Here's how you can manage rules (using workload management as an example):

Create or update a rule:
```http
PUT /_rules/workload_group
{
"index_patterns": ["prod-logs-*"],
"other_attribute": ["value1"],
"workload_group": "production_workload_id"
}
```

List rules:
```http
GET /_rules/workload_group
```

Delete a rule:
```http
DELETE /_rules/workload_group/{rule_id}
```

## How attribute matching works

The attribute matching system determines which rules apply to a given request.

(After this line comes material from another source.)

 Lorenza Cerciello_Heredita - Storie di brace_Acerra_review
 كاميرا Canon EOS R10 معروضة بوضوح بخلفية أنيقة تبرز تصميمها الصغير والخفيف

Different attributes can have different matching behaviors.

### Attribute matching types

Attributes can support various matching types depending on their nature:

1. Exact matching: Values must match exactly
2. Pattern matching: Values can match patterns (e.g., index patterns in WLM)
3. List matching: Values can match any item in a list
4. Range matching: Values can fall within defined ranges

For example, in workload management, index patterns support:
- Exact matches: `logs-2025-04`
- Prefix patterns: `logs-2025-*`

Note: The specific matching behavior depends on the attribute type and the feature using it.

### Rule precedence

When multiple rules match a request, precedence is determined by:

1. More specific attribute matches take priority
2. Feature-specific tie-breaking rules are applied

For example, in workload management with index patterns:
- `logs-prod-2025-*` is more specific than `logs-prod-*`
- `logs-prod-*` is more specific than `logs-*`

### Evaluation process

Here's how OpenSearch evaluates incoming requests:

1. OpenSearch receives a request
2. The system evaluates request attributes against defined rules
3. The most specific matching rule's feature value is assigned
4. If no rules match, no value is assigned

## Examples

Let's look at some examples using workload management, which uses index patterns as its primary attribute:

### Multiple attribute matching

```json
// Rule with multiple attributes
{
"index_patterns": ["logs-prod-*"],
"request_type": ["search", "count"], // it is used here just for demonstration purposes since WLM only supports index pattern at present
"workload_group": "production_search_workload_id"
}

// Rule with single attribute
{
"index_patterns": ["logs-prod-*"],
"workload_group": "production_workload_id"
}
```

### Attribute specificity

```json
// Rule 1: General matching
{
"index_patterns": ["logs-*"],
"workload_group": "general_workload_id"
}

// Rule 2: More specific matching
{
"index_patterns": ["logs-prod-service-*"],
"workload_group": "prod_service_workload_id"
}
```

## Benefits of rule-based auto-tagging

Rule-based auto-tagging offers several advantages:

- Flexible attribute-based matching
- Support for feature-specific matching logic
- Consistent policy application
- Automated request classification
- Reduced administrative overhead
- Centralized rule management
- Easy policy updates

## Best practices

To get the most out of rule-based auto-tagging, consider these best practices:

### Designing rules

1. Identify the most relevant attributes for your use case
2. Use specific attribute values for precise control
3. Combine multiple attributes when needed
4. Use consistent naming conventions
5. Document attribute matching behavior

### Managing attributes

1. Understand each attribute's matching behavior
2. Start with the most specific criteria needed
3. Avoid overlapping rules unless intentional
4. Plan for future attribute value patterns

### Operations

1. Test new rules in a development environment
2. Monitor rule matches in your logs
3. Document rule configurations
4. Regularly review rule effectiveness
5. Clean up unused rules

## Troubleshooting

Common issues and their solutions:

1. **No value assigned**: Verify all attribute values are correct
2. **Unexpected value**: Check for more specific matching rules
3. **Rule not working**: Confirm attribute matching behavior

To validate your setup:

- Test rules with sample requests
- Use the list rules API to verify configurations
- Monitor rule evaluation in logs

## Learn more

Rule-based auto-tagging provides a flexible framework for implementing feature-specific request handling. While we've used workload management as an example, the attribute-based matching system can be adapted for various use cases.